By Isabella Clark, PhD Candidate, Department of Sociology
My dissertation examines multiple chemical sensitivity (MCS), a condition where people experience physical symptoms in response to “normal” doses of everyday chemicals. These symptoms vary and include brain fog, rashes, headaches, respiratory problems, nausea, and fatigue, amongst other things. MCS is a contested illness; its material reality is often dismissed in favor of a psychological explanation by both doctors and lay people. Like other contested illnesses such as chronic Lyme disease and chronic fatigue syndrome, a disproportionate number of sufferers are thought to be women (Dumes 2020). This perception is supported in my own data, as almost double the number of respondents were women (I interviewed 19 women and 11 men).
To manage MCS, people practice chemical avoidance, a task that proves onerous, complicated, and even impossible given the levels of chemical saturation in private and public life. To escape hostile synthetic chemicals, as well as mold and other naturally occurring allergens, some people with MCS move to the Southwest for the desert ecosystem. MCS can make housing intolerable, forcing some people to live out of their vehicles. Since parts of the Southwest are warm year-round, this contributes to its position as a potential haven for sufferers, though total freedom from chemicals is never possible. As such, small communities of people with MCS are scattered across the Southwest. Thanks to the CSWS grant, I traveled to the Southwest in the summer of 2022 where I lived out of a camper van for almost a month, conducting interviews and observing the living conditions of people in a rural MCS area. I conducted 10 interviews during this fieldwork trip, eight interviews over a later trip, and 12 interviews over the phone or via Zoom.
My initial analysis produced three central themes: embodied socialization, social interactions, and avoidance. Regarding our cultural relationship to chemical and scented products, I argue our use of fragrances and chemicals in everyday life is a form of embodied socialization. While socialization is often conceived of as a mental process teaching us how to behave, there is a physicality to this form of socialization that inculcates us to experience scents in a particular way (as clean, pleasant, and attractive, for example) and deny the disparate embodied experiences people have with smells. Gender clearly relates to this embodied socialization as women are more heavily socialized into product use by the greater responsibilities they’re tasked with toward beauty, family health, domestic labor, and consumer purchases. I hope to expand on this dimension of my work through future interviews with friends and family members of those with MCS. This will allow me to explore how different forms of embodiment conflict with one another and how people negotiate this.

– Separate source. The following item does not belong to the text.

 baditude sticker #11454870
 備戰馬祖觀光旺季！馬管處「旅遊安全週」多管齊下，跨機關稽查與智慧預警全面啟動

Relatedly, chemicals are critically present within social interactions, meaning people’s choices around chemical products can impact people with MCS. This differs from existing work in environmental sociology on how and why people manage everyday chemical exposures. MacKendrick finds mothers engaging in “precautionary consumption” to protect their children, and to some extent themselves, from potentially toxic chemicals (2018). While this labor is gendered, the relationship exists between consumer product and consumer body but does not stretch any further. However, my respondents make it clear they are impacted by others’ choices like the laundry products on their friend’s clothes or their neighbor’s use of pesticides to garden. These encounters can feel violent, with respondents calling them “assaults” or “hits.” Alaimo writes of MCS, “environmental illness offers a particularly potent example of trans-corporeal space, in which the human body can never be disentangled from the material world, a world of biological creatures, ecosystems, and xenobiotic, humanly made substances” (2010, 115). I look at how these entanglements show up in interpersonal relationships and how people navigate them.

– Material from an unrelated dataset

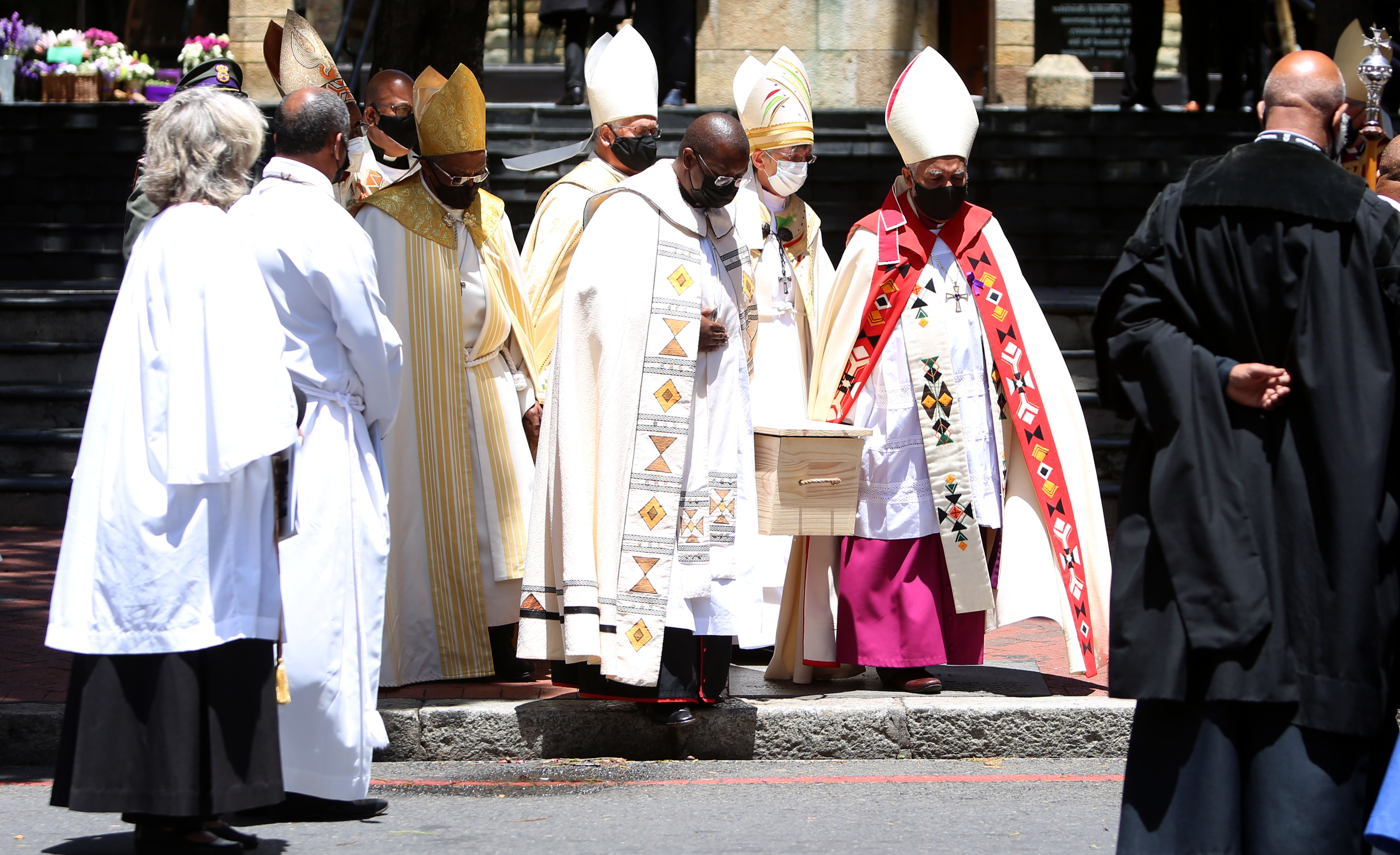 Reflection: The Arch has left his moral compass for us all and his death and send-off was a Tutuesque reminder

Avoidance is the main recourse people with MCS have. However, trying to avoid chemicals when you have severe MCS encompasses your entire life. As Myles told me, “Coping with MCS is a full-time job.” This labor is not only mentally draining but also emotionally draining. Danielle described to me her sadness over how much energy she now must put into finding a shirt she can wear. She contrasts this task with the intellectually rewarding work she did before she was sick. The amount of thought, energy, and labor people with MCS must expend on banal parts of everyday life indicates the toll chemical entrenchment is taking on their lives. As my analysis proceeds, I am paying close attention to how chemical avoidance strategies may be gendered.
—Isabella Clark, Sociology, received a 2022 CSWS Graduate Student Research Grant for this project.
References
Alaimo, Stacy. 2010. Bodily Natures: Science, Environment, and the Material Self. Bloomington, IN: Indiana University Press.
Dumes, Abigail A. 2020. “Putting Ethnographic Flesh on New Materialist Bones: Lyme Disease and the Sex/Gender Binary.” Feminist Anthropology 1(2): 248–59.
MacKendrick, Norah A. 2018. Better Safe than Sorry: How Consumers Navigate Exposure to Everyday Toxics. Oakland, California: University of California Press.